After over 50 years of efforts—legal, police, University of California (UC) and the city of Berkeley—police and construction crews swooped into Berkeley’s historic People’s Park in the middle of the night on August 2, on a mission to destroy the park and build student dorms. Crews put up fences, cleared a way for bulldozers, cut down trees and started to tear up the park.
Peoples’ resistance to these assaults began before dawn, when people were arrested sitting and blocking the construction machinery. By later in the day, larger crowds gathered, including youths, UC students, and older people, including some veterans of the original battle in 1969. “Whose Park? People’s Park!” rang out. The fences around the park started to come down. Authorities were forced to retreat, and pulled back the police. A few days later, a court blocked further construction on the park until October.

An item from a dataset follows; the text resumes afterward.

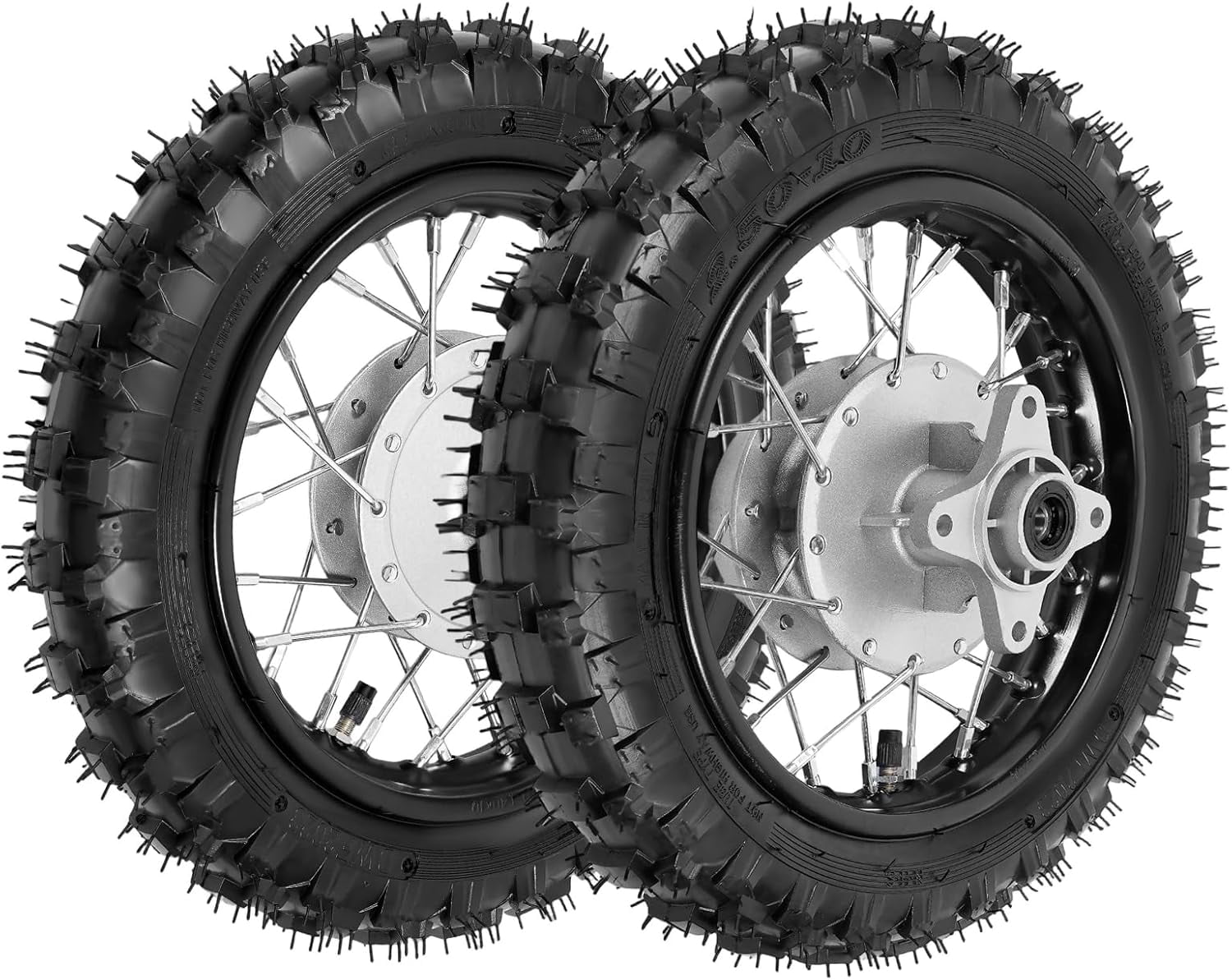 2.50-10 Front & Rear Wheels Rims Tires Assembly, Drum Brake Pit Bike Fits  for Honda CRF50 XR50 BBR KLX Dirt Bikes, With Chain & Chain Plate, Front ...
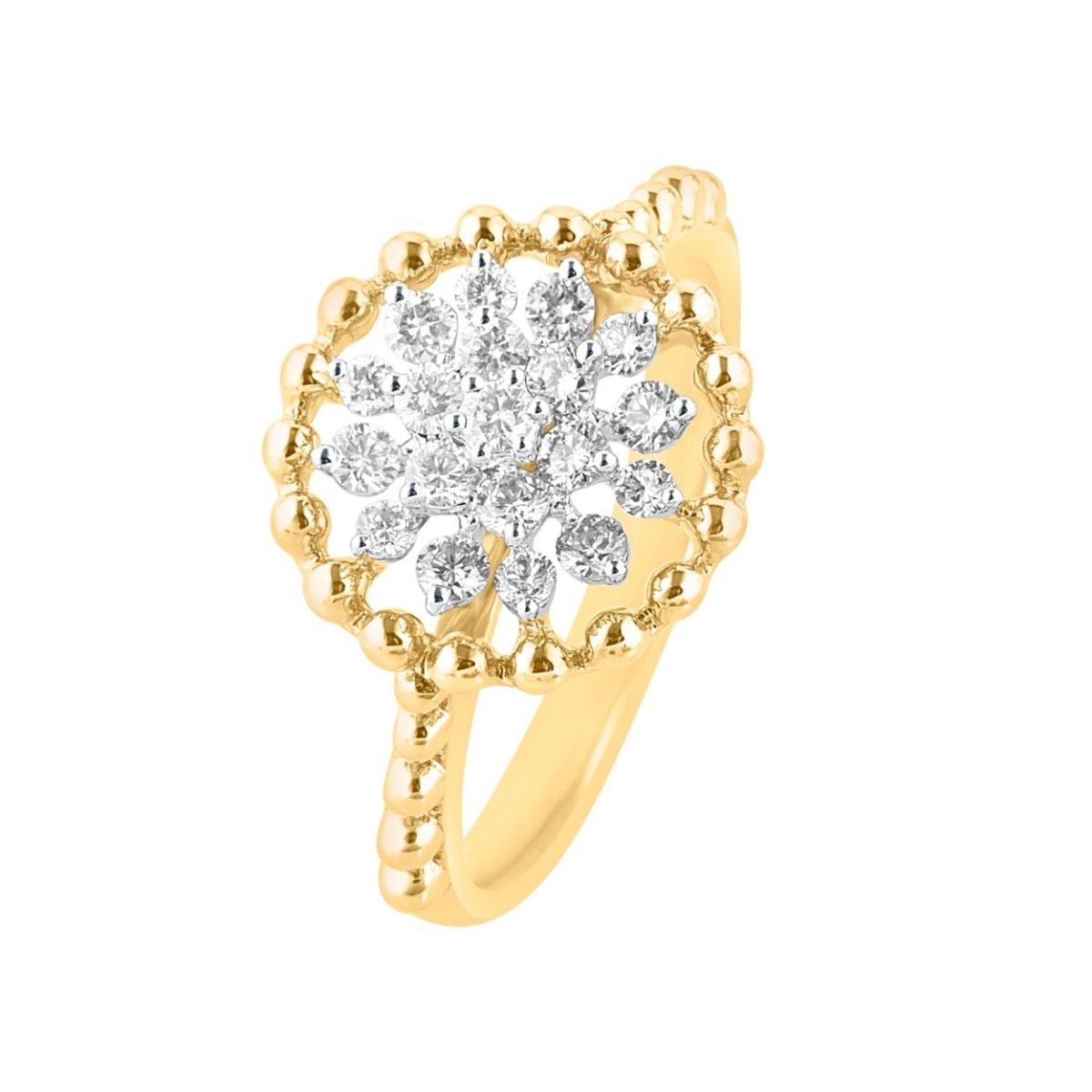 Round Shining Diamond Finger Ring in 18KT Yellow Gold-Rings-ORG23061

The university has been trying to get rid of People’s Park before the park—as the historic People’s Park—was even forged in huge battles in 1969 in which the battle for the park became a kind of concentration of battles against the system at that time. In his Memoir, Bob Avakian gives this characterization of the battle at that time:
This developed into a major battle because the university was completely unyielding and was determined to “pave paradise and make it a parking lot,” as the Joni Mitchell song says. The university administration threw down the gauntlet, and the people who were building People’s Park refused to back off and carried forward what they were doing—and it became a gigantic struggle.
People’s Park has been a reminder of and living monument to the struggles of the 1960s and stands as a symbol of resistance up to today—continuing to be an inspiration and beacon for those resisting the powers that be and their efforts to erase this legacy.